### RECORDS TO USE
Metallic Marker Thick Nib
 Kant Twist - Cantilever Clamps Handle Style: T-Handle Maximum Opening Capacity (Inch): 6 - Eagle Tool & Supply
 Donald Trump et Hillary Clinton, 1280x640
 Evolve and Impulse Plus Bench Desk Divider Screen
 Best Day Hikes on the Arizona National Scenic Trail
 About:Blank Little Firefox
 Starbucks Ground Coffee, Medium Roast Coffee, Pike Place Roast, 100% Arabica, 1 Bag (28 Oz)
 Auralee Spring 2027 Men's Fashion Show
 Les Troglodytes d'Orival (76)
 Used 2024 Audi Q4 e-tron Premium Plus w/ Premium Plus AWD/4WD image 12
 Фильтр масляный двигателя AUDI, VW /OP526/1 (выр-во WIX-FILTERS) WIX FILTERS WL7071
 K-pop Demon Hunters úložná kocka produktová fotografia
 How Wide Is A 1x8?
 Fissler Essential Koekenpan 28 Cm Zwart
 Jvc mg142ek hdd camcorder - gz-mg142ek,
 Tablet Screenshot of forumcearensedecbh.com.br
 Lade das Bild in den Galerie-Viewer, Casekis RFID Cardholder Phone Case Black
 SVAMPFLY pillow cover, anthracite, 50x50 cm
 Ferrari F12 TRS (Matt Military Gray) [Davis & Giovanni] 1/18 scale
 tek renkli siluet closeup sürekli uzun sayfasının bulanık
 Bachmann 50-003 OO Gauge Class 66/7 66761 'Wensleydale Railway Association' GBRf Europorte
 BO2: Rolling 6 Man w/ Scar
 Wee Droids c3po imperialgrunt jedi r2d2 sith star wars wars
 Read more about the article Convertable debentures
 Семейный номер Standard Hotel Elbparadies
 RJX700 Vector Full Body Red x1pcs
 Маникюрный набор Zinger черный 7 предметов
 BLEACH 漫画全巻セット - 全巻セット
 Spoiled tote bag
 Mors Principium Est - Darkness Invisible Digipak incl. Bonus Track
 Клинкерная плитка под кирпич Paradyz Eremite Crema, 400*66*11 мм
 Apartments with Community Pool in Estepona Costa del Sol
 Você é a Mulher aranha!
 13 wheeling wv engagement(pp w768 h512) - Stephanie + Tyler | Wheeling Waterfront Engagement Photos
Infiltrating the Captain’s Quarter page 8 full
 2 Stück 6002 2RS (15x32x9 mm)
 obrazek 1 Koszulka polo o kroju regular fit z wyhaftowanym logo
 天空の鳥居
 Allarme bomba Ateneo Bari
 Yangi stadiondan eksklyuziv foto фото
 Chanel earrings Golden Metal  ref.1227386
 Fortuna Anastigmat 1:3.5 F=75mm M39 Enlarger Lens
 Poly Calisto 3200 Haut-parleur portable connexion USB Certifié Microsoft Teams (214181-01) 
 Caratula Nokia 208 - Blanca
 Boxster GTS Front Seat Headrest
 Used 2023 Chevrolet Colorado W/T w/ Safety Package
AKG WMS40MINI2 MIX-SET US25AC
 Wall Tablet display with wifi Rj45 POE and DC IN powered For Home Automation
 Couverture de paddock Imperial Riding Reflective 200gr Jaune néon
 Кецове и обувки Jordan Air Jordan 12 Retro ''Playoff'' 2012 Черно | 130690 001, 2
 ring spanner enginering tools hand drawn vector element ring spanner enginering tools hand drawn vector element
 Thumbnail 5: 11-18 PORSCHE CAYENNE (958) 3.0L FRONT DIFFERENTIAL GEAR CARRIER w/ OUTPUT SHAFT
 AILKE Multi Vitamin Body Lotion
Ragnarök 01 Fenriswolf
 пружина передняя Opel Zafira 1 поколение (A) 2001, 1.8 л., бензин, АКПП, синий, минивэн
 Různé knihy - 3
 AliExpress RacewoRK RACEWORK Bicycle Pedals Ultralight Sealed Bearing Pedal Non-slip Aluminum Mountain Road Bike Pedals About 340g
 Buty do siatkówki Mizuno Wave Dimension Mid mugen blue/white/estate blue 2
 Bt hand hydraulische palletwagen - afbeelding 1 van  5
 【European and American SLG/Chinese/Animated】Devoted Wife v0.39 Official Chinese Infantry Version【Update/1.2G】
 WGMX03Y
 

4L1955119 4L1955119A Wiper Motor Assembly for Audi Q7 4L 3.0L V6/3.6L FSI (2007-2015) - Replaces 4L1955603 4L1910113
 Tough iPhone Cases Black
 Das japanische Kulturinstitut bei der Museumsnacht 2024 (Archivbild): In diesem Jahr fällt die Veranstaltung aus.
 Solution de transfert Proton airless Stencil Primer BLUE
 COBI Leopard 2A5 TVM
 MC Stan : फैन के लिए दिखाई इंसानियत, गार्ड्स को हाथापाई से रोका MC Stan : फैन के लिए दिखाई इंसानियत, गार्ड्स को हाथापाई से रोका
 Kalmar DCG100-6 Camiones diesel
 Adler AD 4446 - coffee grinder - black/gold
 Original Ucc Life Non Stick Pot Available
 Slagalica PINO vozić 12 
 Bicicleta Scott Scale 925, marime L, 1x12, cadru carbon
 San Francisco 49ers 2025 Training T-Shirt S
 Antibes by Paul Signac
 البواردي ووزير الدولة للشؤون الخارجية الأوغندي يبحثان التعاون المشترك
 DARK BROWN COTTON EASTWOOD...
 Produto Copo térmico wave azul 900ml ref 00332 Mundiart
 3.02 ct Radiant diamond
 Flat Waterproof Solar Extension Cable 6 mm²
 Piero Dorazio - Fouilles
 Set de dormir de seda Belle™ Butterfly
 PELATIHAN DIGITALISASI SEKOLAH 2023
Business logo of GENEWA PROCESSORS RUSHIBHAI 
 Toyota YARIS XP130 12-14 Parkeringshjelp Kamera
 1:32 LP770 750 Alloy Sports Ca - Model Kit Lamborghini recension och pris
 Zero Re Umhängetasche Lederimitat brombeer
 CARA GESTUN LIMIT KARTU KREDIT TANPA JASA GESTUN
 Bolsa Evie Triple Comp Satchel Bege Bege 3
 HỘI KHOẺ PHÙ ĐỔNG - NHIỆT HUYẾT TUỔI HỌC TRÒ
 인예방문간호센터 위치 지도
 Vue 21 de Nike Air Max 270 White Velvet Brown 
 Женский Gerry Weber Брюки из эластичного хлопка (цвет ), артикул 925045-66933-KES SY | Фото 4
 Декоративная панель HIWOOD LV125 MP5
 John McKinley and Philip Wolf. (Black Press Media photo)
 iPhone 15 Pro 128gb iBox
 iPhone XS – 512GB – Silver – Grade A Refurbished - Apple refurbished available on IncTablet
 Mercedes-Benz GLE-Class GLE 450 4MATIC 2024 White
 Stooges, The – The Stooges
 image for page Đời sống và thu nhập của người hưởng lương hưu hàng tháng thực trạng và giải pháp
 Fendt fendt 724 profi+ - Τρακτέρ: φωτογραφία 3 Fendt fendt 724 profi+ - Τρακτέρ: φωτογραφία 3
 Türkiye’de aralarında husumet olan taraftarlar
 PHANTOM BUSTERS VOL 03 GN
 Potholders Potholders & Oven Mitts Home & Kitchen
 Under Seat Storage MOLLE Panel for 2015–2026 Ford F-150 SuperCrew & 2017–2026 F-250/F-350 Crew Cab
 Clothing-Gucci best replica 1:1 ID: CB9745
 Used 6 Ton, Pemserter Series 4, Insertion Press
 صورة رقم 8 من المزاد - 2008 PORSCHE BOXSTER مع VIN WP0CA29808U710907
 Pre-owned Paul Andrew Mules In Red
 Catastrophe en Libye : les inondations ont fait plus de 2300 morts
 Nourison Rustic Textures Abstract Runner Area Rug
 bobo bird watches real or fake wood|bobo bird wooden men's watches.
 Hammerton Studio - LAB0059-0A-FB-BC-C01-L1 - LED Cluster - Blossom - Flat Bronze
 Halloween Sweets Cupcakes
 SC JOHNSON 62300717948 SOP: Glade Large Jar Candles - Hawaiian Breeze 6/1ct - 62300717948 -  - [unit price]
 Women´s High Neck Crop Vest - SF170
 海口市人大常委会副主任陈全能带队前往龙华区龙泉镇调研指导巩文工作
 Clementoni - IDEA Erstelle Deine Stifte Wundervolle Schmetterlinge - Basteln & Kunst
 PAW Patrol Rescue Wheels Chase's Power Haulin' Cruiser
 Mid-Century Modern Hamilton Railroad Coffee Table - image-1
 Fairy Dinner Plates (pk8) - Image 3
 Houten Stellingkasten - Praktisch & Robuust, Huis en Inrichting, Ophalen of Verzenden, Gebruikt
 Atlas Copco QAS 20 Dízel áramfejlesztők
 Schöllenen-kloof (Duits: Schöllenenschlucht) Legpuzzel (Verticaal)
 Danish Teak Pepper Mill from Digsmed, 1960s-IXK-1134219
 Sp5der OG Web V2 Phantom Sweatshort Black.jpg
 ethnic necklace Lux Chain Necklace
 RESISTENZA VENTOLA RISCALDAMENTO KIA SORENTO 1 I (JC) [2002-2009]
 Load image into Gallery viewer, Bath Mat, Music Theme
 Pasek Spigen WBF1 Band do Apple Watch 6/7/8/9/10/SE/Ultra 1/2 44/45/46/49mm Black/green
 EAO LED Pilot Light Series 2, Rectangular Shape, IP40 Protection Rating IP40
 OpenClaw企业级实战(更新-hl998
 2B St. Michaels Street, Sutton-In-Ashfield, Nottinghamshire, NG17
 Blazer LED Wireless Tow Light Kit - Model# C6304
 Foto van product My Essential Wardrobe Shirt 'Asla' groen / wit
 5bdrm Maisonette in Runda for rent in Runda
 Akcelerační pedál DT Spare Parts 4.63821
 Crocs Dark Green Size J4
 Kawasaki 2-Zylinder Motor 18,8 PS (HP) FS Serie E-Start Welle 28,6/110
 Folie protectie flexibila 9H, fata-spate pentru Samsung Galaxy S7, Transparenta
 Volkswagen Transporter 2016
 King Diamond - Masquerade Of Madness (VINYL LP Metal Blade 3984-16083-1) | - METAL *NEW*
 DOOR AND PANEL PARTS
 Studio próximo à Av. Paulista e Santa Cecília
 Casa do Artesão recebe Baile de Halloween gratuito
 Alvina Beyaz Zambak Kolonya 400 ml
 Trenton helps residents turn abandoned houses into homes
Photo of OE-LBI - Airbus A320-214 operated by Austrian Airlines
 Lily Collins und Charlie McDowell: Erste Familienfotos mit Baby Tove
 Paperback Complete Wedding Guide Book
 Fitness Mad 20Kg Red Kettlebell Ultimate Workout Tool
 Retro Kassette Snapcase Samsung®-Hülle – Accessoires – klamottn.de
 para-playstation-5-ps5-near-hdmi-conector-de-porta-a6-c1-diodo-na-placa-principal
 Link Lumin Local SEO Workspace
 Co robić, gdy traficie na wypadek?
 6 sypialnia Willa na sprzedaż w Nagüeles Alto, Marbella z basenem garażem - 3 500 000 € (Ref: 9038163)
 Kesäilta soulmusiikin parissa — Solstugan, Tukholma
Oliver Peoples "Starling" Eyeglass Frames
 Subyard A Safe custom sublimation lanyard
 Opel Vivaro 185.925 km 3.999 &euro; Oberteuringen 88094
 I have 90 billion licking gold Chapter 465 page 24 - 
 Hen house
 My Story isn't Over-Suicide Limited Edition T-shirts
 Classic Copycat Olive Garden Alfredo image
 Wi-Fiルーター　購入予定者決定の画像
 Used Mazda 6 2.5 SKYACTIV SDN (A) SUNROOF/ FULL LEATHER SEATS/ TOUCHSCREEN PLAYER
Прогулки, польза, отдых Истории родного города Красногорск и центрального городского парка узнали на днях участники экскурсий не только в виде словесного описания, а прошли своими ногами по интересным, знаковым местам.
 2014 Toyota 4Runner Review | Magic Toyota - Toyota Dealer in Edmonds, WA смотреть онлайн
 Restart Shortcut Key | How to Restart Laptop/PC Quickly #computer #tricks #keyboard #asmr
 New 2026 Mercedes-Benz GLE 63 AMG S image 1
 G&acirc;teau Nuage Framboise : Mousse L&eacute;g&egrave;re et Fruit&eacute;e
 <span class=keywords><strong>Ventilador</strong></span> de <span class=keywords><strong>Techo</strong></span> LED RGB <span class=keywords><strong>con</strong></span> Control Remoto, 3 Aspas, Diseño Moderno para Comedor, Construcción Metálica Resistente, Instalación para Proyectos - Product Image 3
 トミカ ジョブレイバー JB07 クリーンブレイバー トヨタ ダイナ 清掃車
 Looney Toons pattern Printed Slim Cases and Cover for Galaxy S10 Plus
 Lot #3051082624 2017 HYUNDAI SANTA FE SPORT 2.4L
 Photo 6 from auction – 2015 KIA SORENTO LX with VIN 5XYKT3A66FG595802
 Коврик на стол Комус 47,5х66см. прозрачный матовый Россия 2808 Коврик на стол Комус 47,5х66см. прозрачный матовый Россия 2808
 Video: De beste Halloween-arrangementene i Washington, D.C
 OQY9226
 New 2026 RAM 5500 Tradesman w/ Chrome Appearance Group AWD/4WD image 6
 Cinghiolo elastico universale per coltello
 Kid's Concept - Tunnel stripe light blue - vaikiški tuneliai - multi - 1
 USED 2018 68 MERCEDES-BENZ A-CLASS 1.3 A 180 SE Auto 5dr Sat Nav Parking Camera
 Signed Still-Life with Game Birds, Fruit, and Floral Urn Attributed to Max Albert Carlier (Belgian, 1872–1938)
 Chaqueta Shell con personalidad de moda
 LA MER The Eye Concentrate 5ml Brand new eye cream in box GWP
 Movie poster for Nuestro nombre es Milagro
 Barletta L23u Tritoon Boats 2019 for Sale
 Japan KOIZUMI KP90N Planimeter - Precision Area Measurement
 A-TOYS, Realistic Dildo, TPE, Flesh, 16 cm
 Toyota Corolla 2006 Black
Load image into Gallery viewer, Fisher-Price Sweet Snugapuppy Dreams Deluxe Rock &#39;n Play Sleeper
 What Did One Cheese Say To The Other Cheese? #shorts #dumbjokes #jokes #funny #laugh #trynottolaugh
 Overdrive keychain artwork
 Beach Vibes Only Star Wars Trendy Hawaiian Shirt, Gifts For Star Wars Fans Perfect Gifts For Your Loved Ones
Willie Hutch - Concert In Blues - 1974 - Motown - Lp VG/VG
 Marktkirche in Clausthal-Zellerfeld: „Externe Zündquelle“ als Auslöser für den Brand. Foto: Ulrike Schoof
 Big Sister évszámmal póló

### WORK TO COMPLETE
Using the material above, transcribe exactly the lines from the line with "Foto van product" to the line with "DOOR AND PANEL PARTS"; both count, and nothing else goes in.

### RESULT FOR THIS EXERCISE
 Foto van product My Essential Wardrobe Shirt 'Asla' groen / wit
 5bdrm Maisonette in Runda for rent in Runda
 Akcelerační pedál DT Spare Parts 4.63821
 Crocs Dark Green Size J4
 Kawasaki 2-Zylinder Motor 18,8 PS (HP) FS Serie E-Start Welle 28,6/110
 Folie protectie flexibila 9H, fata-spate pentru Samsung Galaxy S7, Transparenta
 Volkswagen Transporter 2016
 King Diamond - Masquerade Of Madness (VINYL LP Metal Blade 3984-16083-1) | - METAL *NEW*
 DOOR AND PANEL PARTS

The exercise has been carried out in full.